Access to Outlook RestAPI from an Outlook web Add-in

Question

I developed an Outlook Web Add-in that is working fine. It's a Taskpane that is available in compose mode of appointments and that collects event's data, adds a few ones and send that all to an API somewhere.

What I would like to do now is to subscribe the authenticated user to the Outlook Rest API in order to get notified when the event is deleted.

The subscription call should look like this one:

POST https://outlook.office.com/api/v2.0/me/subscriptions HTTP/1.1 
Content-Type: application/json 
{ 
  @odata.type:"#Microsoft.OutlookServices.PushSubscription", 
  Resource: "https://outlook.office.com/api/v2.0/me/events", 
  NotificationURL: "https://myNotifAPI.azurewebsites.net/api/send/myNotifyClient", 
  ChangeType: "Deleted", 
  ClientState: "blabla" 
}

I know I need to provide a valid Authentication Bearer Token when posting to the subscriptions URL so I tried to call this method in my Add-In:

_mailbox = Office.context.mailbox;
_mailbox.getUserIdentityTokenAsync(getUserIdentityTokenCallback);

In the function getUserIdentityTokenAsync, I call a WebApi Controller that validates my token and send it back to the Add-In:

AppIdentityToken token = (AppIdentityToken)AuthToken.Parse(rawToken);
token.Validate(new Uri(request.AudienceUrl));
return token;

I tried to use that token to Post to https://outlook.office.com/api/v2.0/me/subscriptions (using Postman) but I got a 401 saying:

reason="The audience claim value is invalid '<MyAddInURL>'.";error_category="invalid_resource"

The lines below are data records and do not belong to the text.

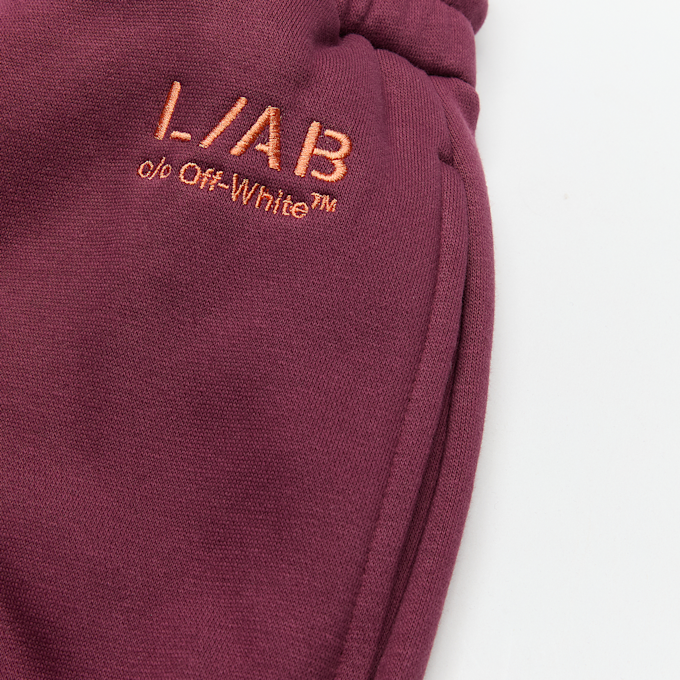 Off-White Bungee Sweatpants czerwony 110106 5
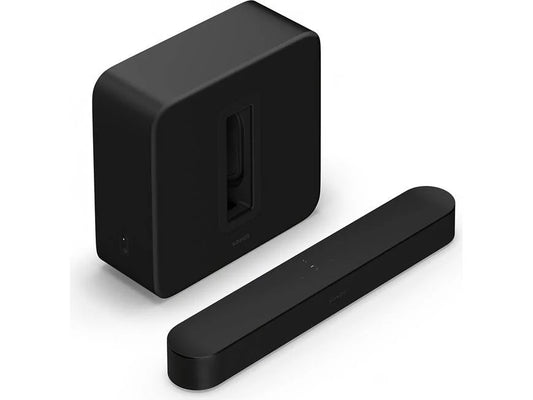 Sonos Beam(gen2) +Sonos SUB G4 (Black) - Gordon's Audiovisual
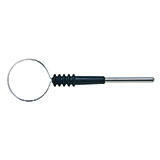 BOVIE ¾ Short Shaft Loop Electrode, Reusable, Non-Sterile. MFID: ES26R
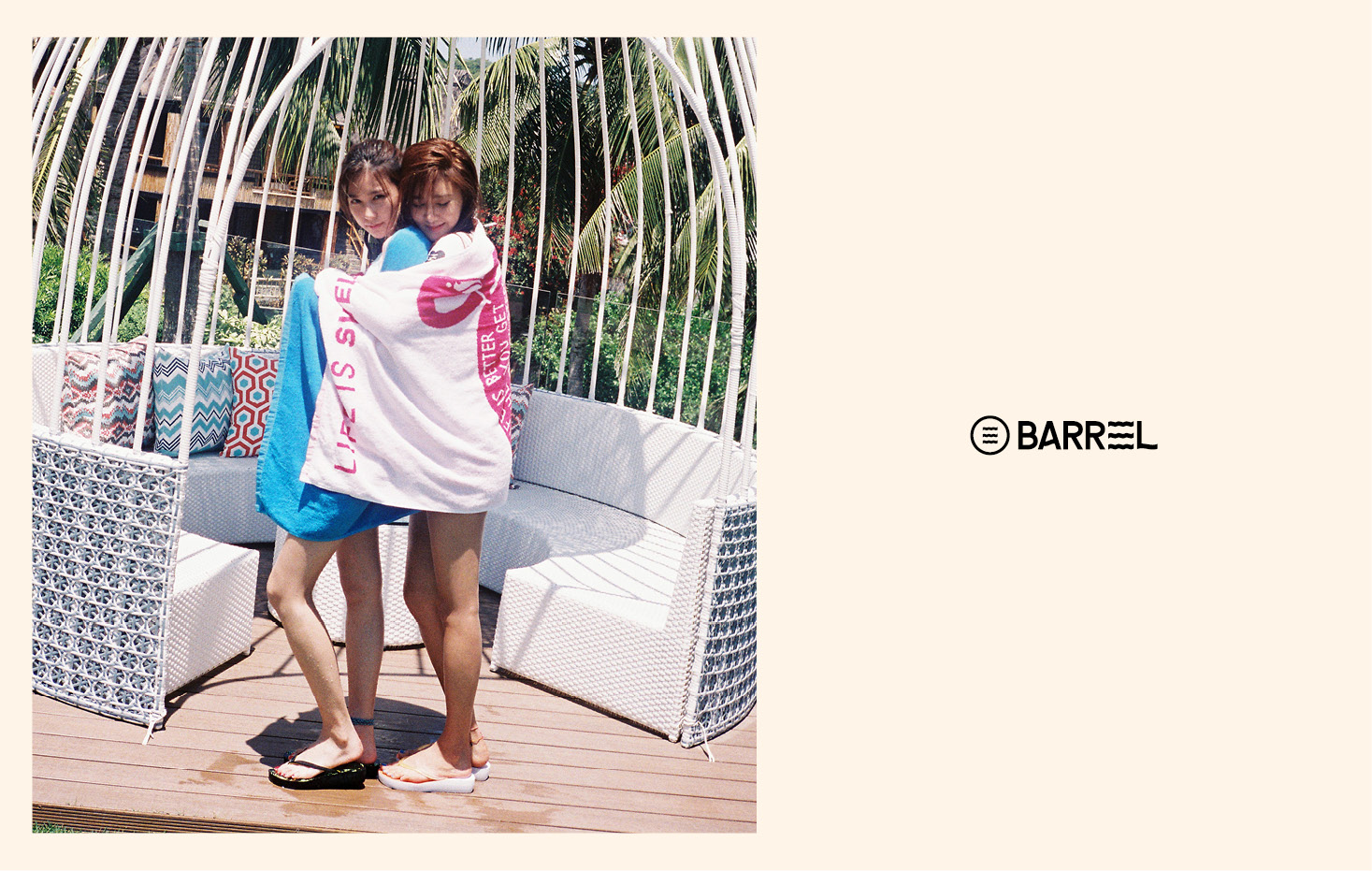 [OTHER][15-04-2016]Yuri trở thành người mẫu mới cho thương hiệu đồ bơi "BARREL" - Page 2 Yurivivian_boracay25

Is it the right Token to use in that particular case or do I need to get another one? Any advices would be appreciated!

-- EDIT --

As suggested by @benoit-patra I tried to get a token using getCallbackTokenAsync instead of getUserIdentityTokenAsync but when I called https://outlook.office.com/api/v2.0/me/subscriptions I did receive a 403 :

"error": {
    "code": "ErrorAccessDenied",
    "message": "The api you are trying to access does not support item scoped OAuth."
  }

As requested by @benoit-patra here's the Token content :

{
  "nameid": "9d643d8c-b301-4fe1-83f7-bf41b1749379@57bcd3d9-685a-4c41-8c7d-xxxxxx",
  "ver": "Exchange.Callback.V1",
  "appctxsender": "https://localhost:44444/NewAppointment.html@57bcd3d9-685a-4c41-8c7d-xxxxxx",
  "appctx": {
    "oid": "3a8a4f92-a010-40bd-a093-xxxxxx",
    "puid": "10033FFF9xxxxx",
    "smtp": "[email protected]",
    "upn": "[email protected]",
    "scope": "ParentItemId:AAMkADE4NTk2MDNjLTI4NGEtNDZkNS1hMzg4LTE3MzI2NGJhZWRkZQBGAAAAAAD+YYA7CnMtRZsrwJ7l6m44BwCcSer9F+cXSrWNauuHQlZ7AAAAAAENAACcSer9F+cXSrWNaxxxxxxxx"
  },
  "iss": "00000002-0000-0ff1-ce00-000000000000@57bcd3d9-685a-4c41-8c7d-xxxxx",
  "aud": "00000002-0000-0ff1-ce00-000000000000/outlook.office365.com@57bcd3d9-685a-4c41-8c7d-xxxx",
  "exp": 1487087672,
  "nbf": 1487087372
}

Answer 1

The previous answer is right, the error is because you are getting an item scoped token. Because previously Callback tokens only allowed a caller to call GetItem and GetItemAttachment REST APIs. We are making changes to the callback token so that clients can call REST of the APIs as well. The requirement is first you should have readWriteMailBox permission. Second get a REST callback token by providing isRest=true, like below

Office.context.mailbox.getCallbackTokenAsync({ isRest: true }, function (result))

The resulting token will have Mail.ReadWrite, Calendar.ReadWrite, Contacts.ReadWrite, and Mail.Send Scopes.

That said the isRest parameter is only supported for outlook mobile client right now. The work to support it on OWA and Outlook is in progress and we expect to release it by March.